Tengizchevroil LLP
- Founded: April 1993; 32 years ago
- Owners: Chevron (50%); ExxonMobil (25%); KazMunayGas (20%); LukArco (5%);

= Tengizchevroil =

Kazakh oil field joint venture

Tengizchevroil is a joint venture between Chevron (50% share in the consortium), ExxonMobil (25% share), KazMunayGas (20% share) and Lukoil (5% share). The joint venture was formed in April 1993, when the government of Kazakhstan granted exclusive 40-year rights to Tengizchevroil LLP (TCO) to develop the Tengiz and Korolevskoye oil fields located in the north-eastern reaches of the Caspian Sea in Kazakhstan.

== History and operations ==

From a two-company joint venture in 1993 (between the Kazakhstani state oil company KazakhOil, now KazMunayGas, and the American oil giant Chevron) Tengizchevroil expanded in 1996–1997 into a four-company consortium: ExxonMobil Kazakhstan Ventures, an ExxonMobil subsidiary, and LukArco, a joint venture between Lukoil and Atlantic Richfield (ARCO), acquired 25% and 5% respectively. In 2000, BP became involved in the business, as BP had merged with Arco and took a 46% share in LukArco. In December 2009, BP sold its stake to Lukoil and thereafter Lukoil became the sole shareholder of LukArco.
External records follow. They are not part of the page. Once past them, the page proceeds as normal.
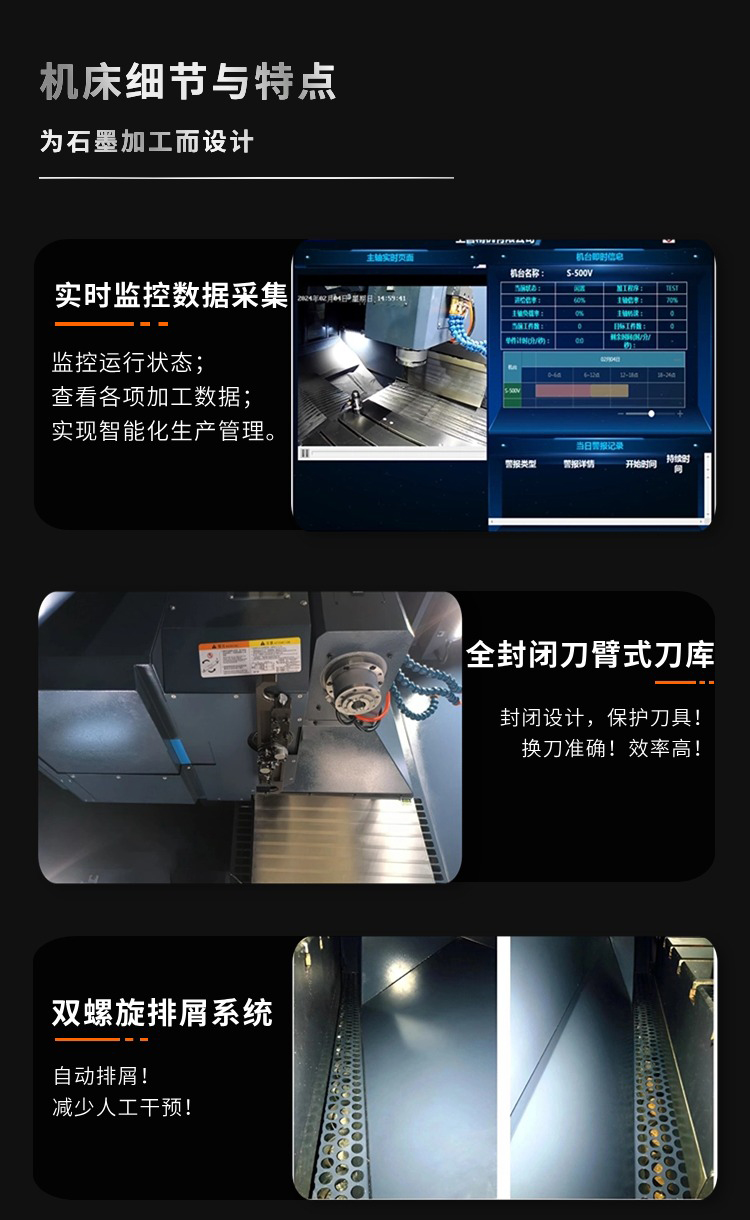 石墨数控机床CNC 石墨盘加工车床 石墨碳素立式加工中心 - 3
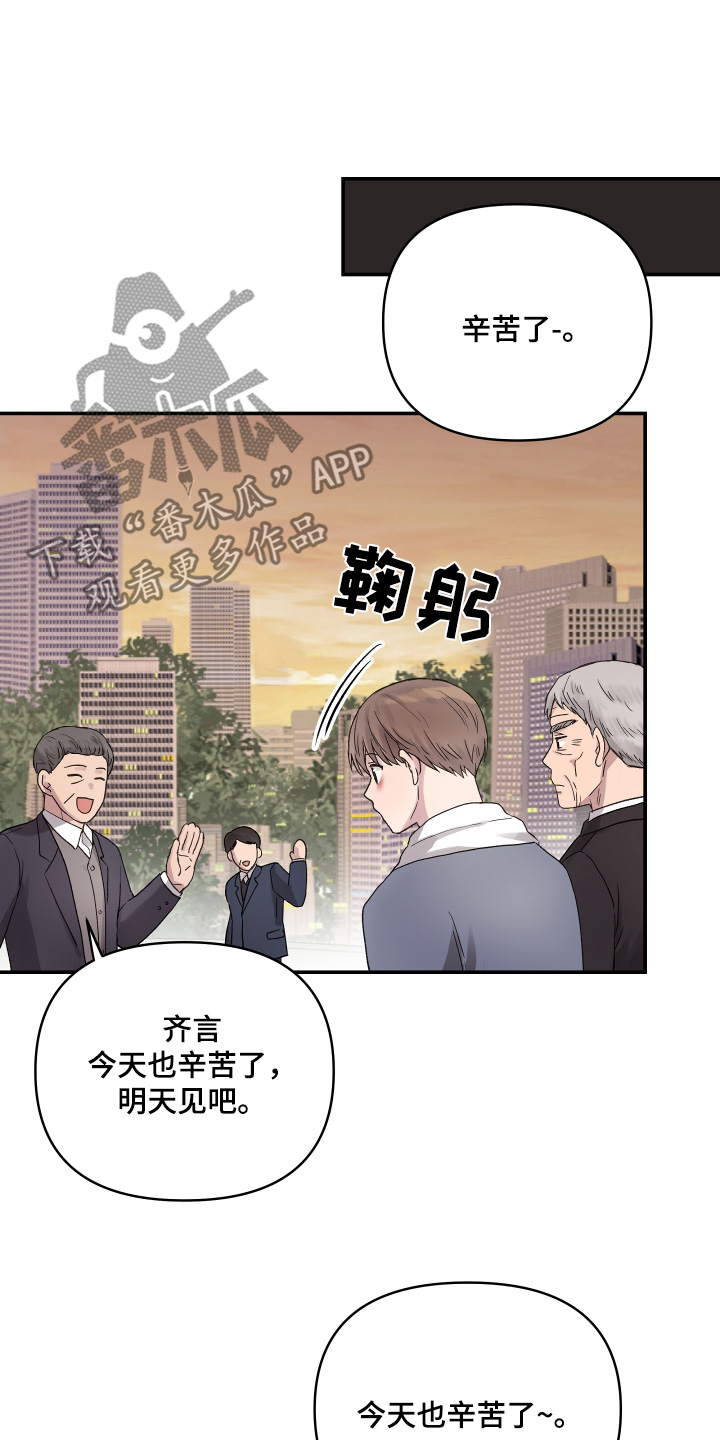 齐齐的新生活漫画,第57章：今天辛苦了3图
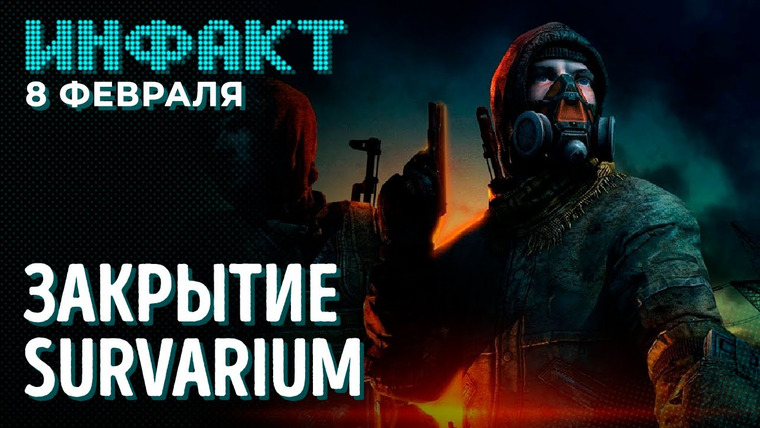 Инфакт — s08e22 — Ревью-бомбинг Dying Light 2, свежие впечатления от Steam Deck, создатели Survarium закрывают игру…
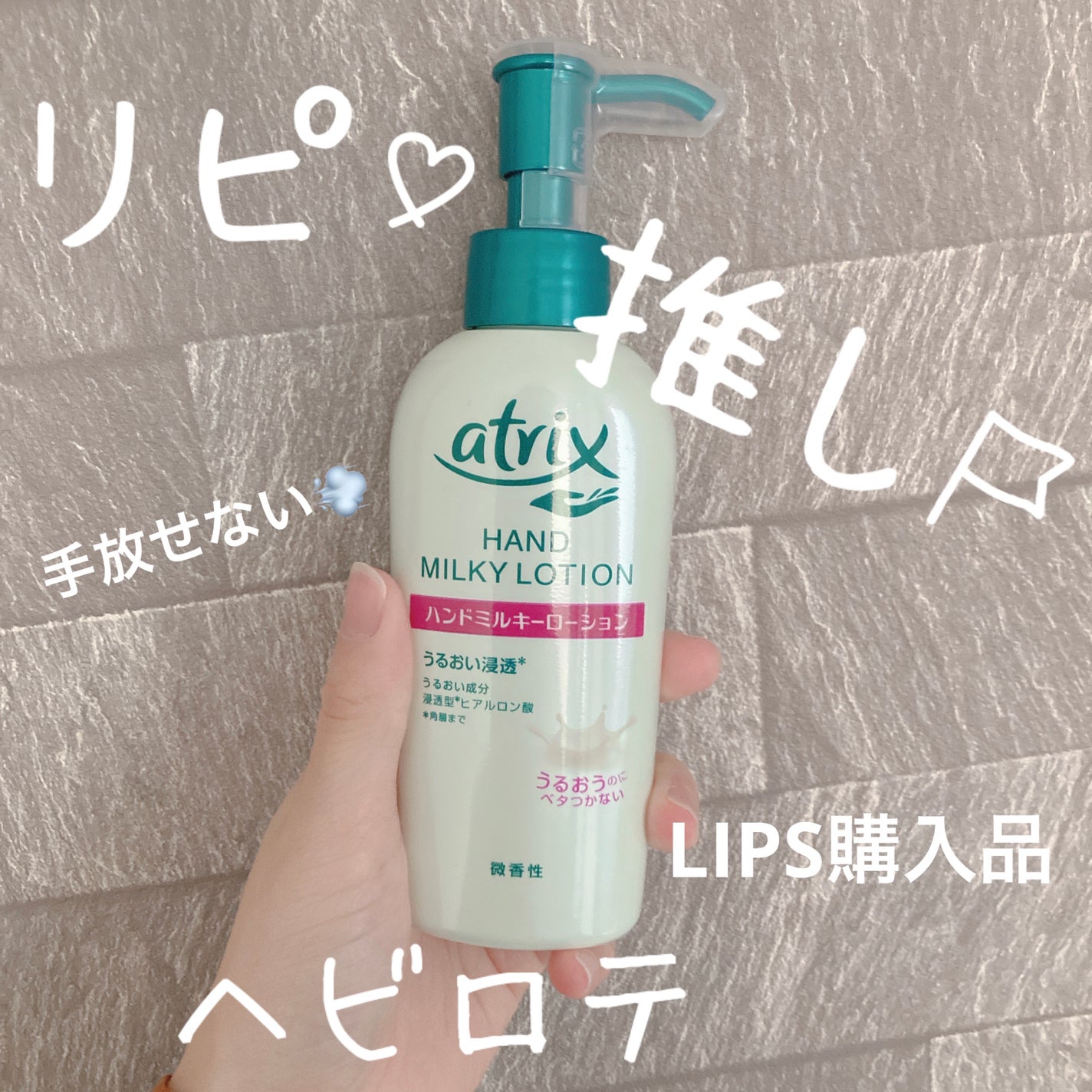 ハンドミルキーローション/アトリックス/ハンドクリームを使ったクチコミ(1枚目)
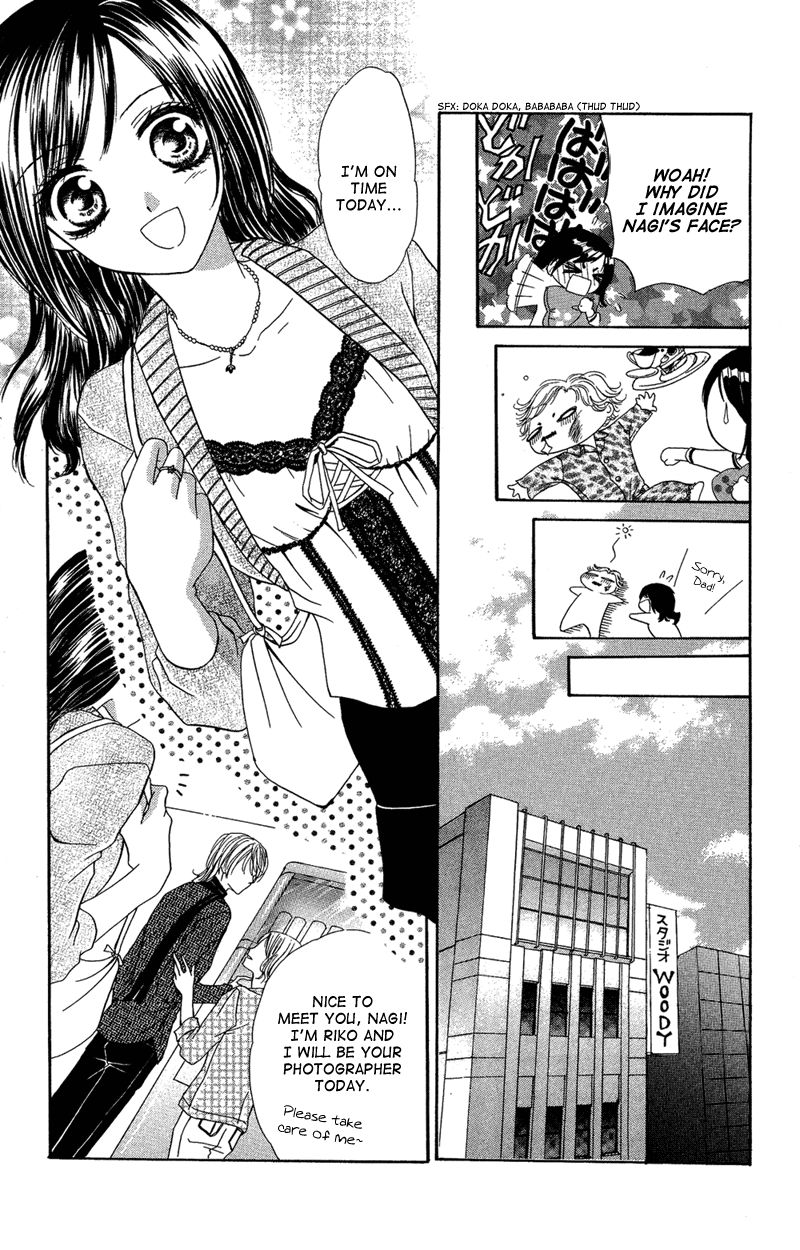 Motto Mayonaka no Jewel Chapter 3.1 page 18 - Chapter 3.1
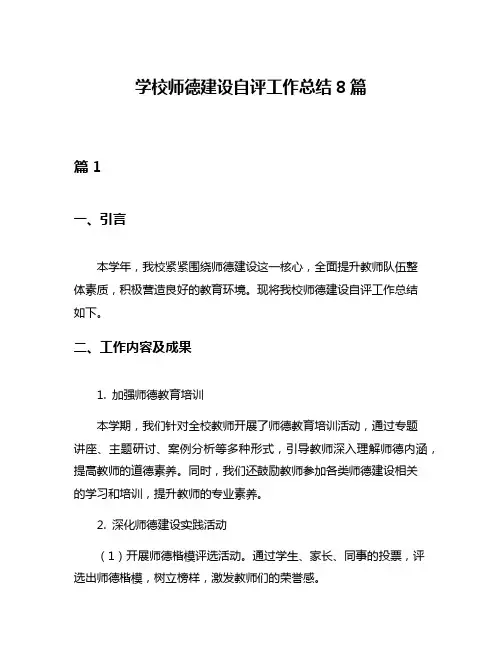 学校师德建设自评工作总结8篇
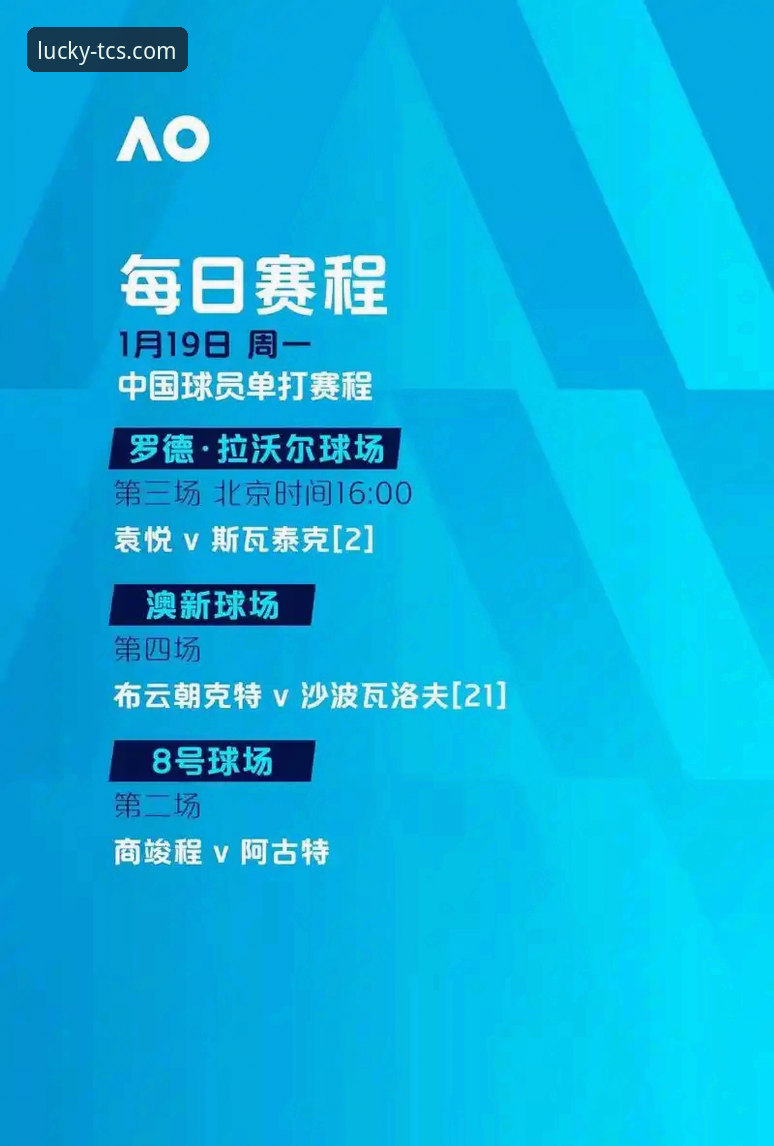 广东77-74逆转宁波赛事精解与天天彩神平台观赛操作教程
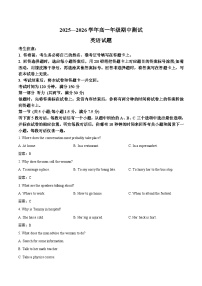 辽宁省点石联考2025-2026学年高一上学期11月期中测试英语试题（Word版附答案）含听力音频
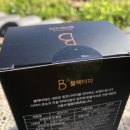 더헬씨팜 이미지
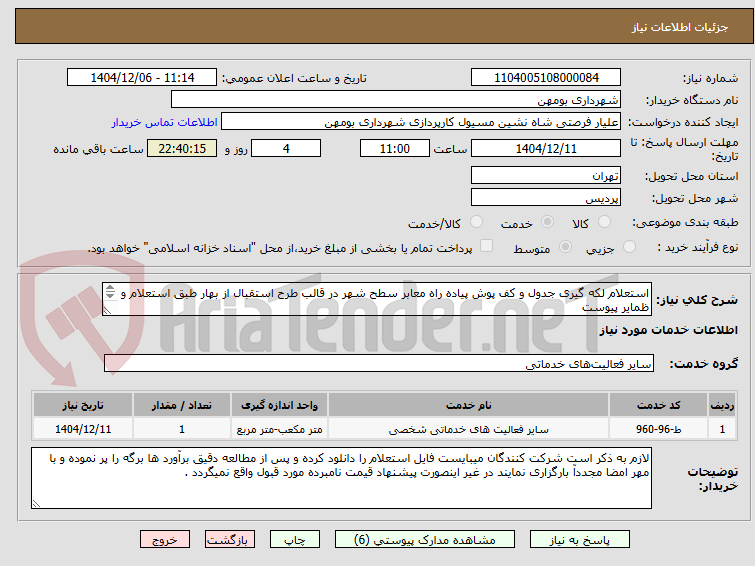 تصویر کوچک آگهی استعلام لکه گیری جدول و کف پوش پیاده راه معابر سطح شهر در قالب طرح استقبال از بهار طبق استعلام و ظمایر پیوست

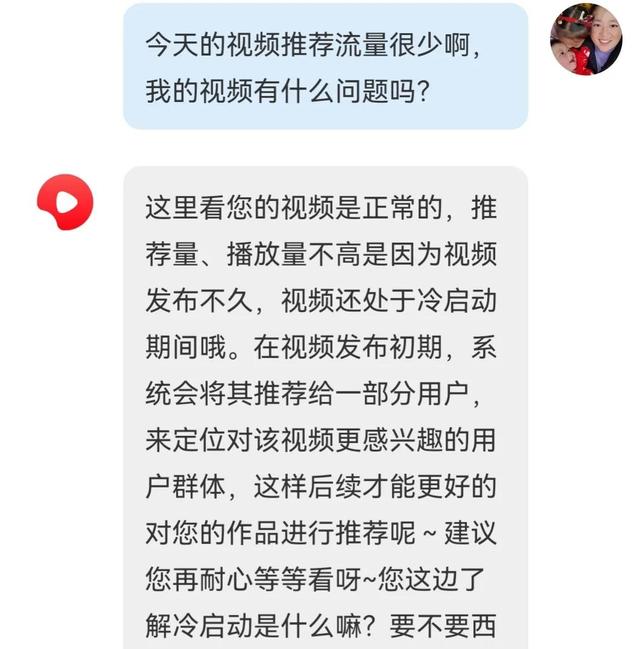 快手播放声音小怎么变大（看快手声音小咋调）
In January 2014, the firm reported a record rise in output to 27.1 million tonnes from 24.2 million tonnes.

In mid-2019, BP expressed interest in returning to Kazakhstan. The company signed a memorandum of understanding with KazMunayGas. In 2020, the companies signed an agreement establishing a partnership to explore for hydrocarbons in Kazakhstan. In 2019, its production volume reached 30 million tons. The company employs 4,000 people, about 95% of which are residents of Kazakhstan.